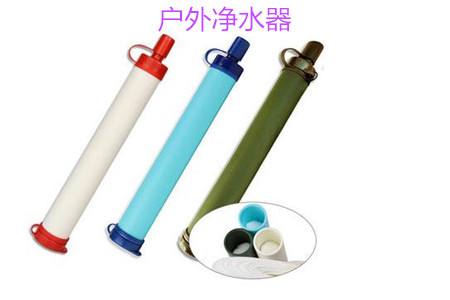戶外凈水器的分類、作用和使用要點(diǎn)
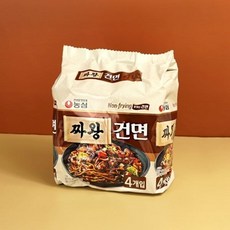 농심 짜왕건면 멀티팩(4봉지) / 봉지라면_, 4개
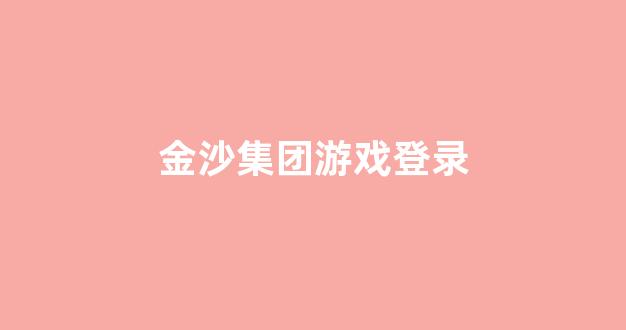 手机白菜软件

——————

→ What you have to do
Return all the data exactly, pictures omitted.

→ Result for this exercise
戶外凈水器的分類、作用和使用要點(diǎn)
 농심 짜왕건면 멀티팩(4봉지) / 봉지라면_, 4개
 手机白菜软件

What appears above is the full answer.